Measurements of the size and zeta potential of colloidal SiO2 particles were carried out by acoustic and electroacoustic spectroscopy methods in the DT-1202 analyzer (“Dispersion Technology” Inc., Bedford Hills, NY, USA).
The microstructure and elemental composition of the surface of ABE wire samples were studied by scanning electron microscopy and energy dispersive microanalysis on a MIRA-LMH scanning electron microscope (Tescan, Brno, Czech Republic) with the AZtecEnergy Standard/X-max 20 (standard) elemental composition determination system (Tescan, Brno, Czech Republic) [33].
The study of the structural and mechanical properties of coated wires were carried out on a universal testing machine LabTest 6 (LLC “LABTEST”, Moscow, Russia) using DOLI Test & Motion software (LLC “LABTEST”, Moscow, Russia). Samples of ABE wires were subjected to a tensile test in static loading mode.
To measure the wetting contact angle, we prepared Ø 10 mm aluminum plates, the composition of which corresponded to the composition of the ABE wire. A nanostructured coating based on oxide materials was deposited on a part of the plates by consecutive immersion. The other part of the plates was treated with SiO2 nanoparticles sol. A series of samples with a different number of application cycles of the oxide material-based nanostructured coating was prepared. The number of cycles varied from 1 to 5. The application of a drop of distilled water onto the experimental coating was carried out by an automatic micropipette; the wetting contact angle was measured using the LAUDA Scientific Surface Analyzer 100 device (“LAUDA DR. R. WOBSER” GmbH & CO. KG, Lauda-Königshofen, Germany).
The determination of the effectiveness of oxide coatings under laboratory conditions was carried out in the climate chamber EVCLIM KGH-250 (LLC “ERSTVAK”, Moscow, Russia). Three series of wire samples were placed in a climate chamber at 98% humidity and −40 °C temperature for 24 h; one of the samples was treated with a nanostructured oxide coating developed by sequential immersion in a solution of tetraethoxysilane and ammonia (5 layers); the second sample was coated by immersion in SiO2 nanoparticle sol (5 layers); and the third sample was an uncoated wire (control sample). Then, the samples were removed from the climate chamber and the amount of ice formed was recorded.
All studies were carried out in a five-fold repetition (n = 5).
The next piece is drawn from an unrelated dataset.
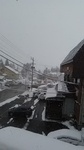 2019011809101601.jpg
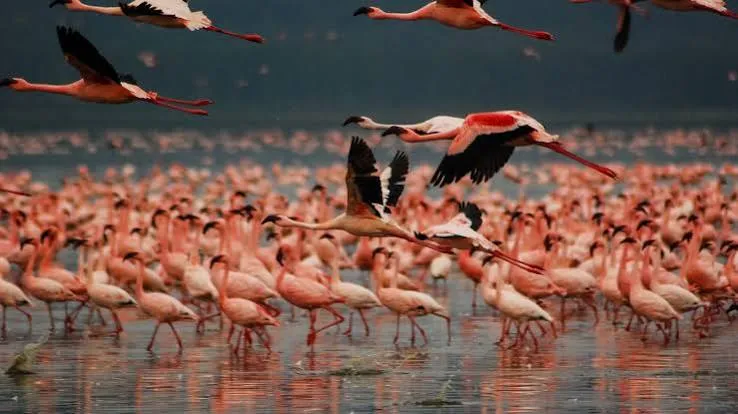 Safari de 8 días de fotografía de vida silvestre y conservación en Kenia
Statistical data processing was carried out in the Statistica 10.0 software (Statsoft, Tulsa, OK, USA). Graphical data processing was carried out in the Origin software (OriginLab, Northampton, MA, USA).
The analysis of the effect of the nanostructured coating on the high-frequency signal was carried out experimentally. The test was conducted on a test bench consisting of a PCIe-6351 signal generation and data acquisition module with a BNC-2120 terminal generating a frequency signal, using the National Instruments LabVIEW software package (“National Instruments” Inc., Austin, TX, USA) [34]. Figure 3 shows the connection diagram of this module with an ABE wire core. Using LabVIEW software, we also developed and wrote a program for the correct operation of the PCIe-6351 module with the BNC-2120 terminal.
The measuring equipment used operates under the control of a program for generating voltage signals of a given shape, amplitude, and frequency, and measuring voltage waveforms, performed in the LabVIEW graphics programming environment, controls the hardware via the DAQmx driver. We used the method of direct estimation of the measured values of stresses at the ends of the experimental sample. Applying the generated voltage to one end of the wire sample, its value is measured at the connection point and at the opposite end of the sample. The voltage is generated with the specified parameters of amplitude, frequency, and initial phase. The measurement of voltage signals is performed continuously for 1 s and is recorded as an array of instantaneous values with a sampling frequency exceeding the frequency of the generated signal by an order of magnitude.
The images of the block diagram panel associated with the program are shown in Figure 4 and Figure 5. Figure 4 shows the first part of the program code for managing the data generation and collection device. The first is the configuration of the analog voltage signal generation channel with the specified parameters of the minimum and maximum levels and the number of the generation channel. Next, the parameters of the continuous signal generation mode are set, as is the number of samples per unit time describing the signal and the selection of the clock source of the signal generator. Figure 5 illustrates the second part of the generation device control code. All operations of this part are performed in a loop by condition and contain three stages. The first one is aimed at forming a sequence of values describing the signal of the required shape, frequency, and amplitude. Then, the generated data array is loaded into the clipboard of the digital-to-analog converter, and the final action is the start of signal generation. When the cycle stops on demand or when an error occurs, generation stops and all settings of the generation device are cleared.
To study the effect of the nanostructured coating on the high-frequency signal, the method of direct estimation of the measured values of stresses at the ends of the experimental sample was used. By applying the generated voltage to one end of the wire sample, its value can be measured at the connection point and at the opposite end of the sample. The voltage is generated with the specified parameters of amplitude, frequency, and initial phase. Voltage signals are measured continuously for 1 s and recorded as an array of instantaneous values with a sampling frequency exceeding the frequency of the generated signal by an order of magnitude. Accordingly, the voltage waveforms at the ends of the sample are measured. Then, the effective voltage values (U1 and U2) and voltage frequencies (f1 and f2) are determined, as well as the voltage drop on the sample ΔU, as the voltage difference (U1–U2). The instrumental measurement error was 1%.

3. Results and Discussion

3.1. Study of SiO2 Nanoparticles

The SiO2 nanoparticles sol obtained by the Stober method was studied by acoustic and electroacoustic spectroscopy. The results of the SiO2 particles size determination and the nature of their size distribution are presented in Figure 6.
As can be seen in Figure 4, the distribution of SiO2 nanoparticles has a unimodal character; the average size of silicon oxide particles is 90 ± 12 nm (the value of the average hydrodynamic radius ± standard deviation). A silicon oxide particle has a small negative charge equal to −0.14 mV.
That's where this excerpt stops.